Sarah Palin's Alaskan Gas Pipeline Project Likely Scrapped

Posted: Thursday, August 5, 2010 | Posted by Chico Brisbane | Labels: ,

On June 26, 2010 Sarah Palin was speaking at The Oil Palace in Tyler, Texas about energy independance. It was the same old Sarah Palin from the 2008 campaign trail. She started by saying how she has been spending alot of time in Texas lately and of course because Texas is a great, beautiful, patriotic State.

During the rest of the 5 minute speech, Palin said a whole lot about nothing in that random order that has become here trademark. The crowd applauded enthusiastically from time to time and as usual, it was never for anything of political substance or for an original thought of her own, but rather for one of her predictable jabs about what Obama doesn't seem to understand.

I was surprised that Palin would even want to speak publically about energy with her $40 billion pipline up in Alaska currently being uncovered as a shady deal that is most likely going to leave tax-payers on the hook for 500 million. If you recall during the 2008 campaign, Palin claimed,

“I fought to bring about the largest private-sector infrastructure project in North American history. And when that deal was struck, we began a nearly forty billion dollar natural gas pipeline to help lead America to energy independence.”

The problem with her saying "we began a nearly fourty billion dollar natural gas pipeline to help lead America to energy independence" is because the contract to build the pipeline to bring natural gas from Alaska to the Lower 48 States is just a concept that exist on paper only. There was no pipeline then, there is no pipline now, and it is now likely that there never will be a pipeline, at least not a pipline that Sarah Palin will have anything to do with.

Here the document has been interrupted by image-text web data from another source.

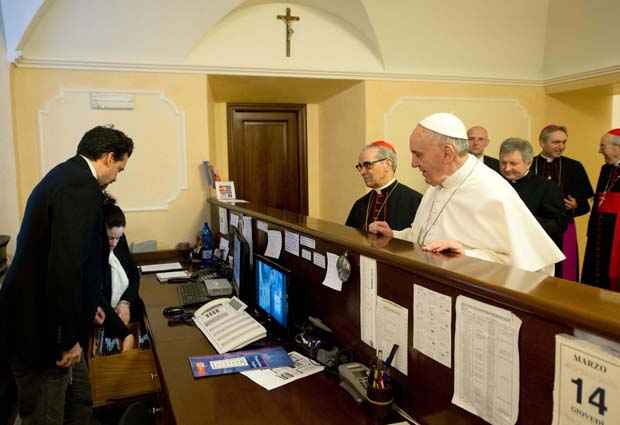 Nesta sexta-feira (15/3), o Vaticano divulgou uma imagem que mostra o papa Francisco pagando a conta da hospedagem dele na Casa Internacional do Clero, em Roma, na qual os cardeais se permaneceram antes do conclave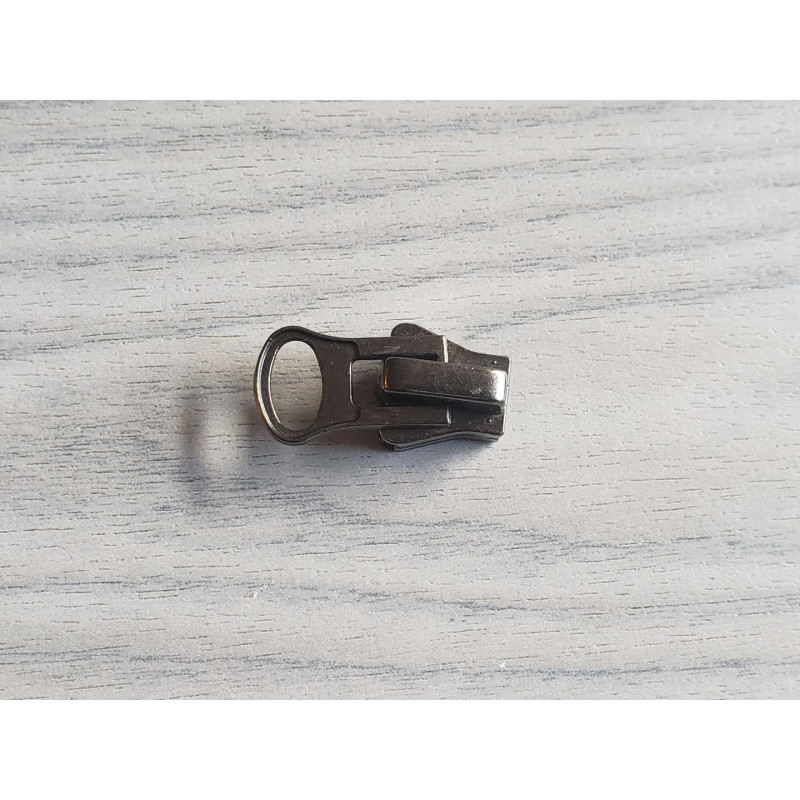 zip slider-chunky- size 8 - metal gun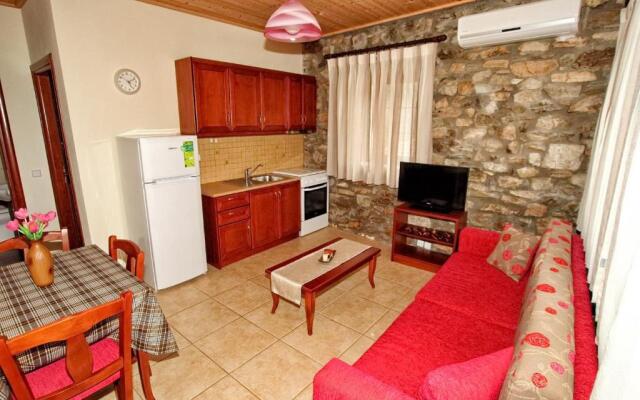 Traditional Apartments Tsikrikonis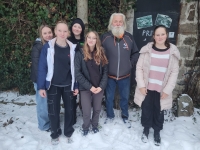 Miroslav Skalický s týmem v rámci projektu Příběhy našich sousedů; 2023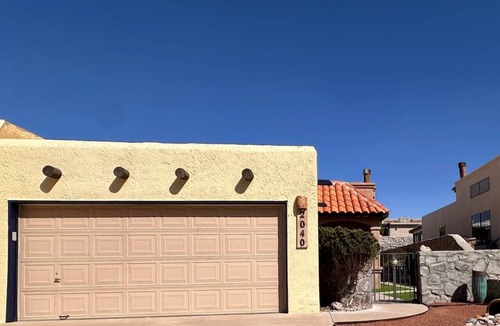 Las Cruces House | 2 bed/2 bath quiet neighborhood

On August 27, 2008, Palin signed The Alaska Gasline Inducement Act into law, which awarded a Canadian energy company a license and $500 million dollars as an incentave to "someday" build and operate the pipeline. It was supposed to carry natural gas from the North Slope, but since the contract doesn't explain how the gas was supposed to get to the lower 48, the gas would have to been sold to Canada or shipped off to China. So Palin's claim that this pipline was going to help bring America closer to energy independence was also a bunch of hooey.

Palin said it again during the the vice-presidential debate

"we’re building a nearly $40 billion natural gas pipeline — which is North America’s largest and most expensive infrastructure project ever — to flow those sources of energy into hungry markets.”

Maybe Palin doesn't know that (we're) buliding a pipeline means the same as (we are) building a pipeline. With every twist and turn into an AP investigation comes more revolations of Sarah Palin's questionable ethics. Particularly in the bidding process that eventually went to a company that Palin had connections with.

Palin claimed there was a "smart and fair bidding process" - but the AP found that her team crafted terms that favored only a few independent pipeline companies and ultimately benefited the winner, TransCanada Corp.

Despite promises and legal guidance not to talk directly with potential bidders, Palin had meetings or phone calls with nearly every major candidate, including TransCanada. The leader of Palin's pipeline team had been a partner at a lobbying firm where she worked on behalf of a TransCanada subsidiary. That woman's former business partner at the lobbying firm was TransCanada's lead private lobbyist on the pipeline deal, interacting with legislators in the weeks before the vote to grant TransCanada the contract.

Additionally, a former TransCanada executive served as an outside consultant to Palin's pipeline team. Under a different set of rules four years earlier, TransCanada had offered to build the pipeline without a state subsidy; under Palin, the company could receive a maximum $500 million.

Contrary to Palin's campaign promises to "build a pipeline quickly," the massive project to send natural gas south is still no sure thing. In fact, according to the Jeneau Empire, the bill was so poorly conceived that the state was urged to cut it losses at the time by former state petroleum economist Roger Marks, who said,

“State leaders made faulty assessments in their quest to land the long-sought pipeline project.”

I wonder why Glenn Beck isn't offering up one of his "Oh Gee That's Funny" comments in his Kermet The Frog voice about these very suspicious set of circumstances? - If the pipeline was all that she painted it out to be, perhaps Palin should have stuck around the Governors office long enough to see the project through.